Mardia's Coefficient of Skewness: A Comprehensive Guide to Multivariate Skewness Detection in R

Understanding Mardia’s Coefficient of Skewness

=====================================================

Mardia’s coefficient of skewness is a measure used to assess the symmetry of multivariate distributions. In this article, we will delve into how to calculate and store the Mardia’s coefficients in a vector when dividing data into multiple parts.

Background on Multivariate Skewness


Skewness is a statistical concept that describes the asymmetry of a distribution. In univariate distributions, skewness can be calculated using the formula: $S = \frac{E(X^3) - (E(X))^3}{\sigma^3}$ where $X$ is the random variable, $\mu$ is its mean, and $\sigma$ is its standard deviation.

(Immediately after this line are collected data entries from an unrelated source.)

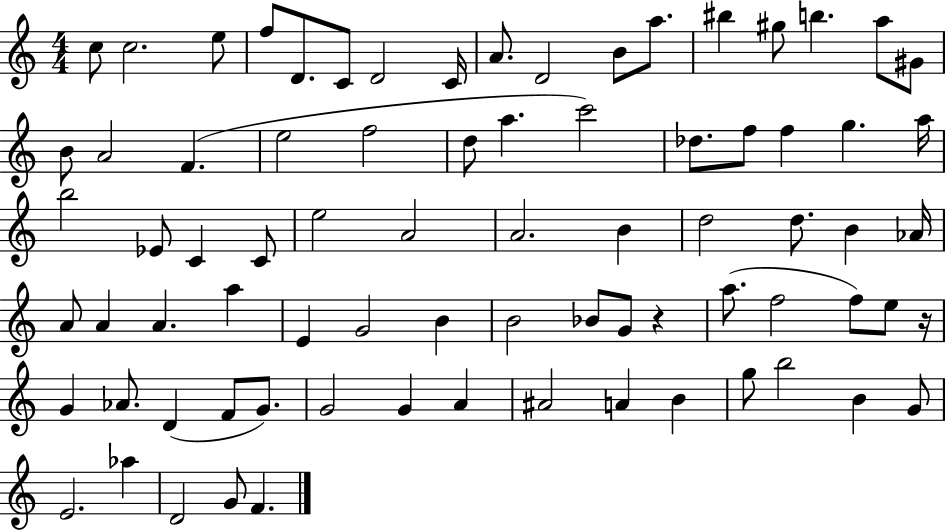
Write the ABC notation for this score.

X:1
T:Untitled
M:4/4
L:1/4
K:C
c/2 c2 e/2 f/2 D/2 C/2 D2 C/4 A/2 D2 B/2 a/2 ^b ^g/2 b a/2 ^G/2 B/2 A2 F e2 f2 d/2 a c'2 _d/2 f/2 f g a/4 b2 _E/2 C C/2 e2 A2 A2 B d2 d/2 B _A/4 A/2 A A a E G2 B B2 _B/2 G/2 z a/2 f2 f/2 e/2 z/4 G _A/2 D F/2 G/2 G2 G A ^A2 A B g/2 b2 B G/2 E2 _a D2 G/2 F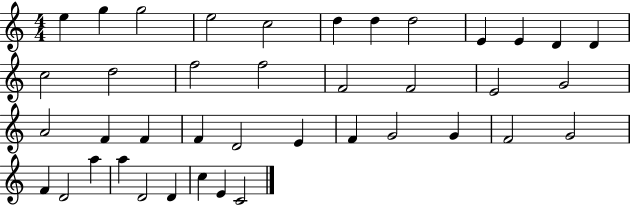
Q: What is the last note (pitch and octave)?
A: C4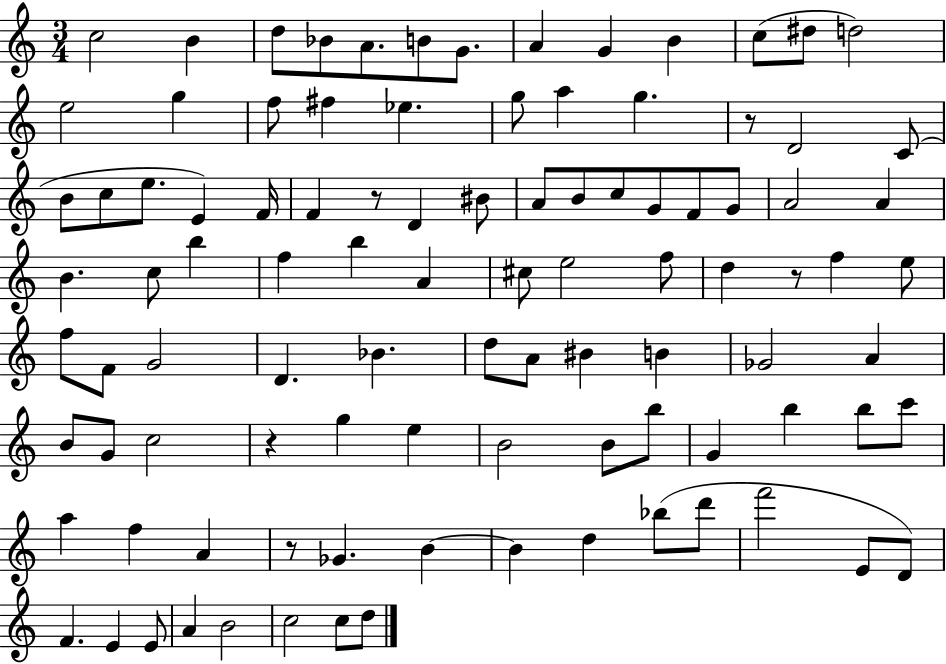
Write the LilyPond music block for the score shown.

{
  \clef treble
  \numericTimeSignature
  \time 3/4
  \key c \major
  c''2 b'4 | d''8 bes'8 a'8. b'8 g'8. | a'4 g'4 b'4 | c''8( dis''8 d''2) | \break e''2 g''4 | f''8 fis''4 ees''4. | g''8 a''4 g''4. | r8 d'2 c'8( | \break b'8 c''8 e''8. e'4) f'16 | f'4 r8 d'4 bis'8 | a'8 b'8 c''8 g'8 f'8 g'8 | a'2 a'4 | \break b'4. c''8 b''4 | f''4 b''4 a'4 | cis''8 e''2 f''8 | d''4 r8 f''4 e''8 | \break f''8 f'8 g'2 | d'4. bes'4. | d''8 a'8 bis'4 b'4 | ges'2 a'4 | \break b'8 g'8 c''2 | r4 g''4 e''4 | b'2 b'8 b''8 | g'4 b''4 b''8 c'''8 | \break a''4 f''4 a'4 | r8 ges'4. b'4~~ | b'4 d''4 bes''8( d'''8 | f'''2 e'8 d'8) | \break f'4. e'4 e'8 | a'4 b'2 | c''2 c''8 d''8 | \bar "|."
}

However, when dealing with multivariate data, things become more complicated. The concept of skewness extends to higher dimensions, making it essential for understanding the underlying structure of a dataset.

Mardia’s Coefficient


In 1970, Andrew Mardia proposed a method for detecting multivariate skewness and kurtosis using the multivariate normal distribution as a reference. This approach involves calculating the Mahalanobis distance (MD) between the given data distribution and the multivariate normal distribution.

The Mahalanobis distance can be thought of as a measure of how many standard deviations away from the mean a given observation is, taking into account the correlations between variables.

The Mardia Test


Mardia’s test calculates two values:

  1. Skewness ($\lambda_s$): measures the asymmetry or skewness in the distribution.
  2. Kurtosis ($\lambda_k$): measures the “tailedness” or kurtosis of the distribution.

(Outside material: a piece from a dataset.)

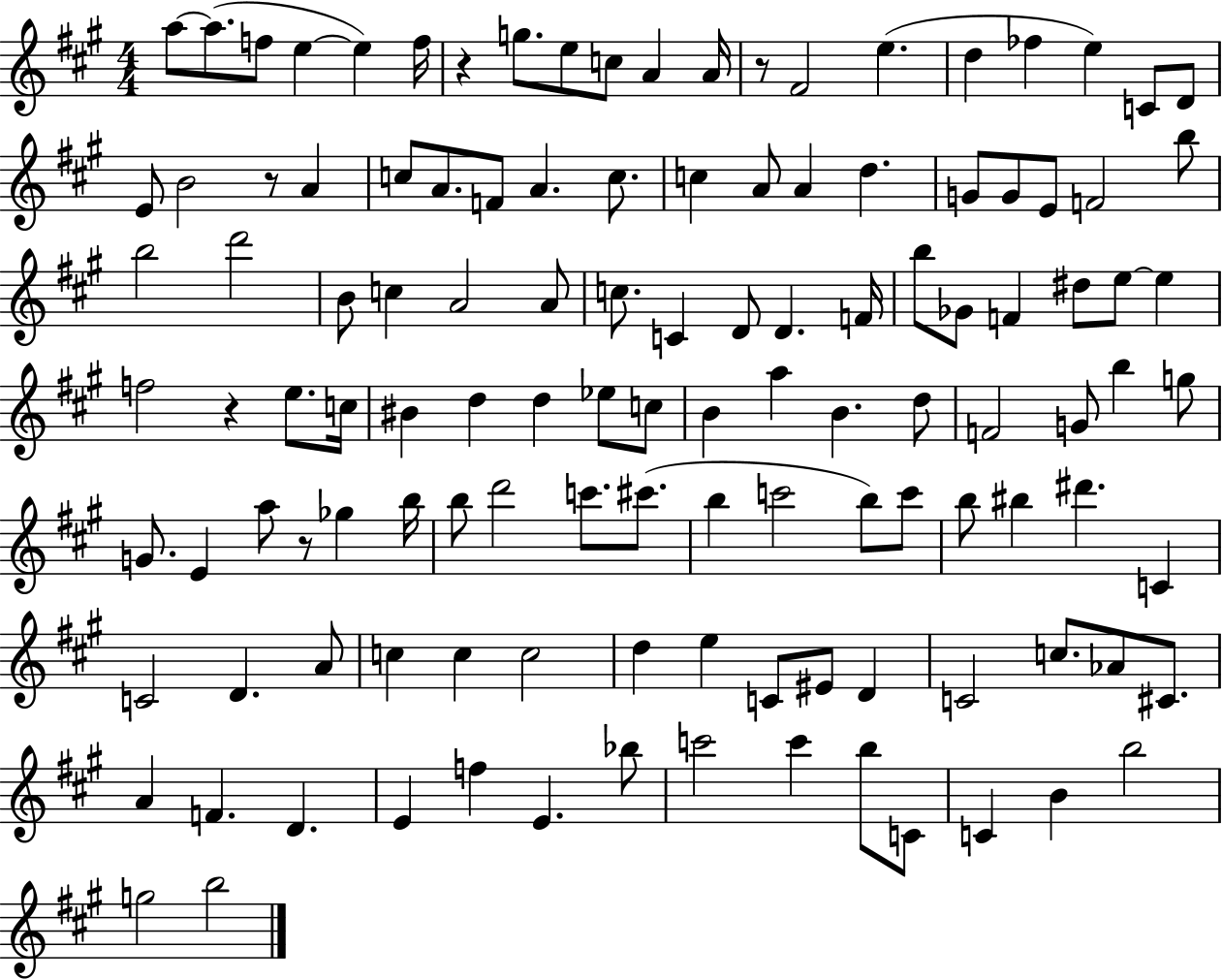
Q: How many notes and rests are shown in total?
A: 121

These values are used to determine whether a dataset is likely to come from a multivariate normal distribution, which serves as a baseline for comparison.

Calculating Mardia’s Coefficient


To calculate Mardia’s coefficient, we can use the following formula:

$$ \begin{aligned} \text{Mardia’s Coefficient} &= \sqrt{(2 - 3)\lambda_s + (1 - 4)\lambda_k}\ &= \sqrt{-\lambda_s - 3\lambda_k}. \end{aligned} $$

This value is then used to assess the multivariate skewness of a dataset.

R Implementation


In this example, we are using R as our programming language to calculate Mardia’s coefficient. We first import the necessary libraries, including Matrix and psych.

library(Matrix)
library(psych)

We then set up some variables for better understanding:

set.seed(10)
N0 <- 1 # number of samples
n0 <- 5 # sample size per iteration
p0 <- 2 # number of variables
q0 <- 4 # number of groups or iterations

# calculate total number of observations (n)
n <- n0 * q0

Next, we create a matrix m2 with the correct dimensions to hold our mean vector and covariance structure.

m2 <- matrix(c(0, 0), p0, 1) # dimension of m2 is (p0 x 1)
dim(m2)
[1] 2 1 # verify that m2 has shape (2x1)

Similarly, we create a covariance structure s2 with the correct dimensions.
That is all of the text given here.